Venus FlyTrap

The Venus Flytrap, Dionaea muscipula, is a meat eating plant that catches and digests animal preymostly insects and arachnids. Its trapping structure is created by the terminal portion of each one of the plant’s leaves and fires by little hairs on their inner surfaces. When an insect or spider crawling along the leaves contacts a hair, the trap closes if a different hair is approached inside 20 seconds of the first strike. The requirement of redundant causing in this mechanism functions as a guarantee against a waste of energy in trapping objects with no nutritive value.

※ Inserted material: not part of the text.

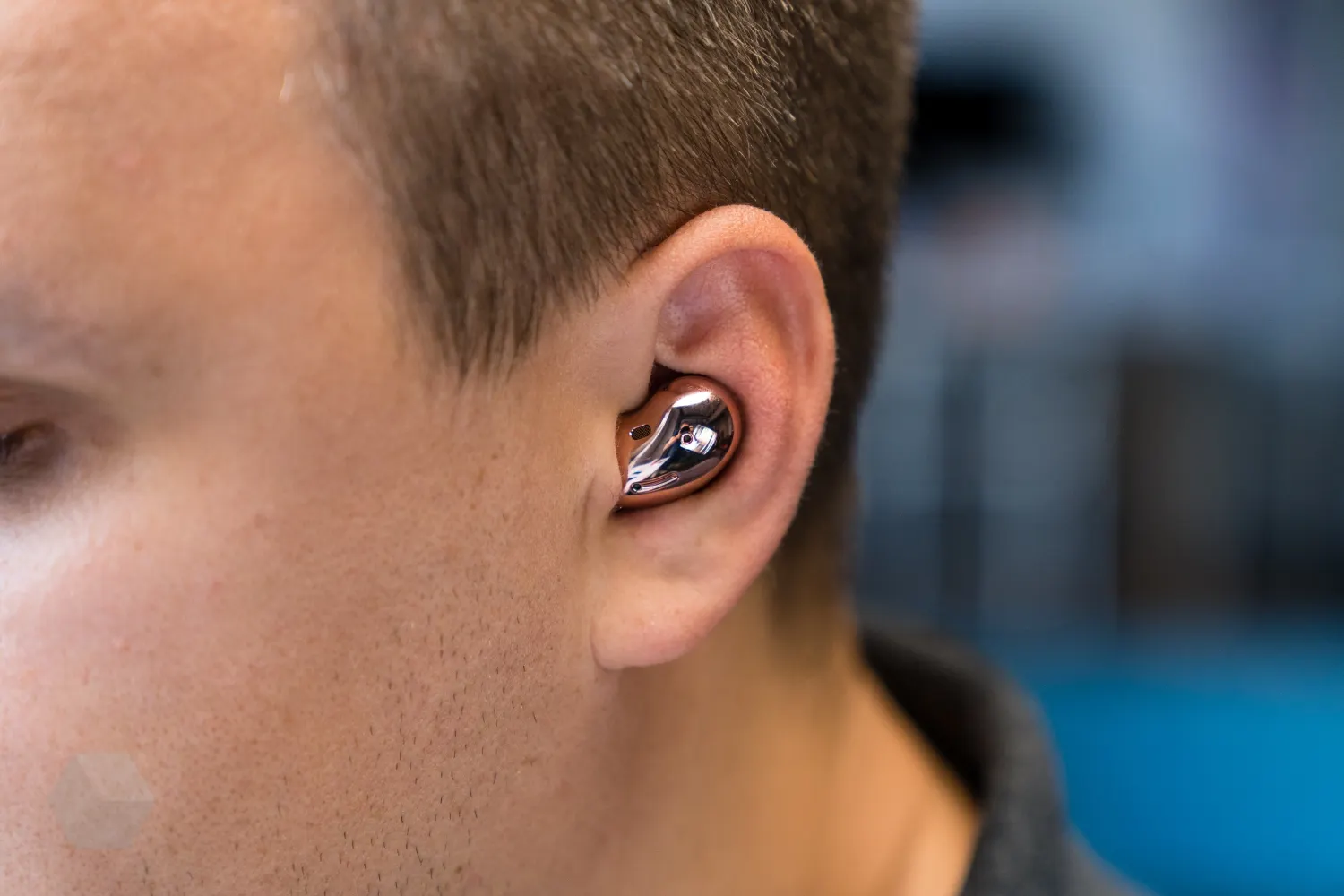 Samsung Galaxy Buds Live здорово подешевели. Это крутые наушники с шумоподавлением – они укладывают AirPods Pro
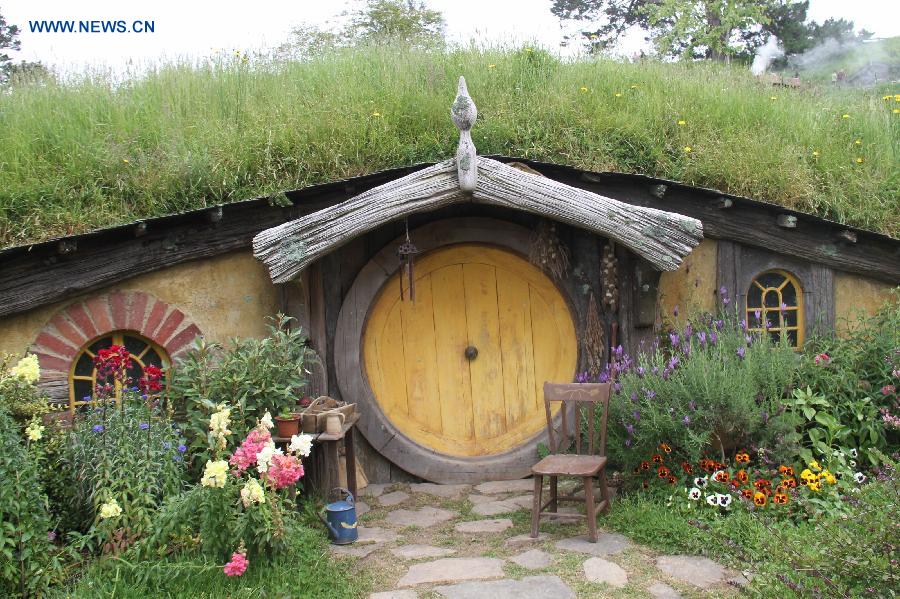 Film set of movie 'The Hobbit' attracts people - China.org.cn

The plant’s common name appertains to Venus, the Roman goddess of love, while the genus name alludes to Dione. Dionaea is a monotypic genus strongly related to the waterwheel plant and sundews.

If the prey isn’t able to escape, it may continue to excite the inner surface of the lobes, and this will cause another expansion reply that forces the edges of the lobes together, finally sealing the trap hermetically and forming a ‘stomach ‘ in which digestion happens. Digestion is catalysed by enzymes pumped out by glands in the lobes.

Oxidative protein alteration is certain to be a predigestive mechanism of the Dionaea muscipula. Aqueous leaf extracts have been discovered to contain quinones eg the naphthoquinone plumbagin that couples to different NADH-dependent diaphorases to supply superoxide and hydrogen peroxide on autoxidation. Such oxidative alteration could rupture animal cell surfaces. Plumbagin is understood to prompt apoptosis, connected with the regulation of Bcl-2 family of proteins. When the Dionaea extracts were preincubated with diaphorases and NADH in the vicinity of serum albumin ( SA ), successive tryptic digestion of SA was facilitated. Since the secretory glands of Droseraceae contain proteases and most likely other degradative enzymes, it could be the presence of oxygen-activating redox cofactors function as extracellular predigestive oxidants to render membrane-bound proteins of the prey ( insects ) more at the mercy of proteolytic attacks.

Digestion takes about 10 days, after that the prey is reduced to a husk of chitin. The trap then reopens, and is prepared for reuse.